- Opening Delimiter -

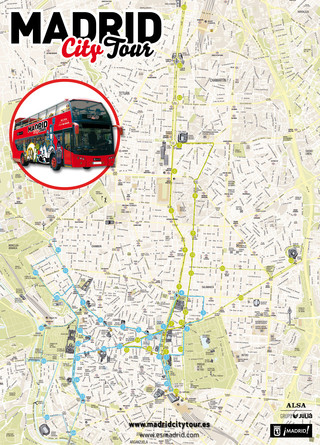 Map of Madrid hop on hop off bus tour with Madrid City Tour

- Closing Delimiter -
- Opening Delimiter -

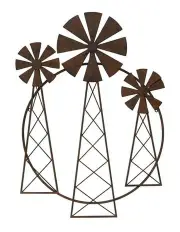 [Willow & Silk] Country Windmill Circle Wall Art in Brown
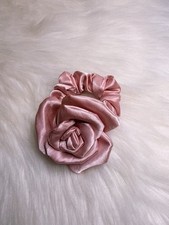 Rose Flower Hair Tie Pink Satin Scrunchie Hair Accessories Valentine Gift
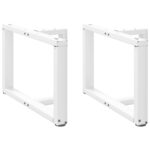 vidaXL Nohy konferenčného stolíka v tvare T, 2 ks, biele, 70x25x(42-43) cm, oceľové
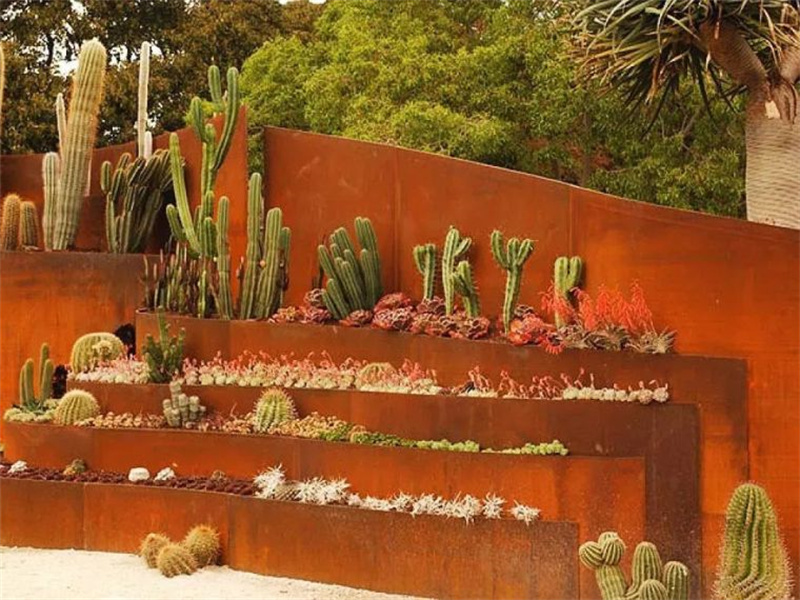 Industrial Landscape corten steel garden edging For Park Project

- Closing Delimiter -
- Opening Delimiter -

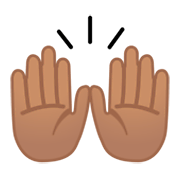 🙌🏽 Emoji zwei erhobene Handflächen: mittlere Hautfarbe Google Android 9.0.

- Closing Delimiter -

EXERCISE REQUIREMENTS :: The stretch above running from the line with "[Willow & Silk]" through the line with "Industrial Landscape corten" is all you should copy, exactly, leaving out the pictures.

YOUR RESPONSE ::
 [Willow & Silk] Country Windmill Circle Wall Art in Brown
 Rose Flower Hair Tie Pink Satin Scrunchie Hair Accessories Valentine Gift
 vidaXL Nohy konferenčného stolíka v tvare T, 2 ks, biele, 70x25x(42-43) cm, oceľové
 Industrial Landscape corten steel garden edging For Park Project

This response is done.